Con una notable preocupación por el futuro ya que “no es prudencia mirar solo el tiempo presente y desatender el venidero”, el visitador José García León y Pizarro prohíbe cortar madera en algunos sitios considerados muy desforestados; encarga a las autoridades locales a determinar las zonas en que se vaya notando escasez; terminantemente dispone que solo se corten árboles jóvenes y ordena que los madereros repongan con nuevos plantíos el mismo número de árboles cortados, o que hagan algún otro beneficio al monte. 
Esta ordenanza estaba dirigida especialmente quienes talaban madera de guachapelí, por cuanto era vital para la estructura de los navíos. El visitador, también dispuso la siembra de abundantes semillas de esta especie para evitar su escasez y dictó otra serie de medidas aclarando, además, que todas ellas afectaban también a los arrendadores de la montaña de Bulubulu, pues su monopolio no les autorizaba a “destrozar la montaña con codicia y sin régimen”. En estas disposiciones se incluyó a quienes quieran cortar madera “en sus propios montes, respecto a que no impidiéndoseles como no se les impide el provecho y utilidad de ellos, solo se les prohíbe el mal uso” (Informe del visitador Pizarro)

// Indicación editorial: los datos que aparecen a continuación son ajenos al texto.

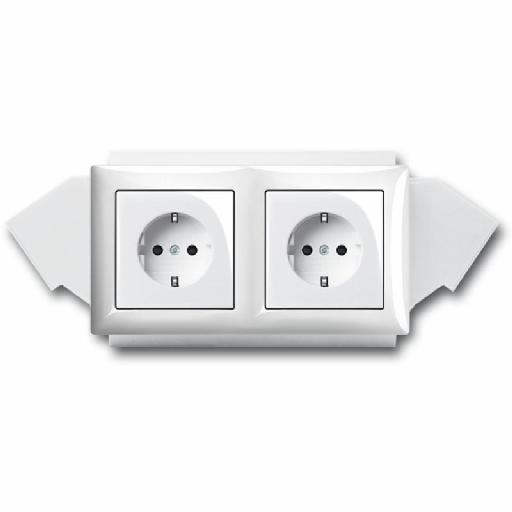 Busch-jaeger Stopcontact ra inbouw 2-voudig ds h140 SI-B 20 2 euwcj 914 503 (2CKA009999A2065) afbeelding 2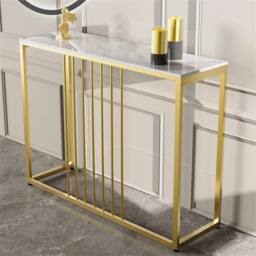 Nordara Rectangular Marble Top Bar Table Counter Dining High Desk Metal Frame in Gold - thumbnail 7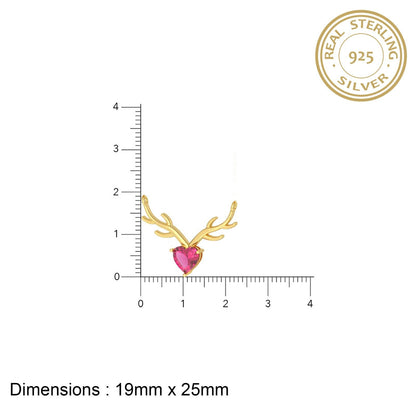 Golden Deer Theme Heart Pink Sapphire Necklace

Ya podemos ver desde donde viene el problema de la deforestación, que hoy continúa siendo un mal mundialmente acuciante. La depredación y explotación de los bosques naturales ecuatorianos parece ser una constante insalvable. La falta de decisión política para aplicar las leyes, ocasiona, por ejemplo, en la actual provincia de Esmeraldas, que los sobrevivientes “limeños” desde sus bastiones enquistados en ministerios de la moderna y aun vigente “audiencia”, hagan de las suyas con su riqueza natural maderera.